Data section:
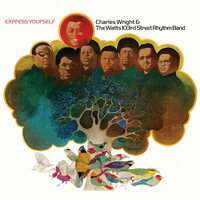 Charles Wright - Express Yourself vinyl cover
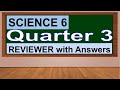 SCIENCE 6 QUARTER 3 TEST REVIEWER/ 3RD QUARTER TEST REVIEWER / Science 6 NAT Reviewer Mp3 Song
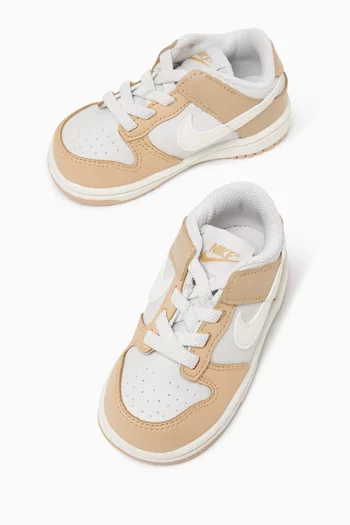 Dunk Low Sneakers in Leather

What the task requires:
Leaving every picture out, repeat each line of the material exactly.

Exercise result:
 Charles Wright - Express Yourself vinyl cover
 SCIENCE 6 QUARTER 3 TEST REVIEWER/ 3RD QUARTER TEST REVIEWER / Science 6 NAT Reviewer Mp3 Song
 Dunk Low Sneakers in Leather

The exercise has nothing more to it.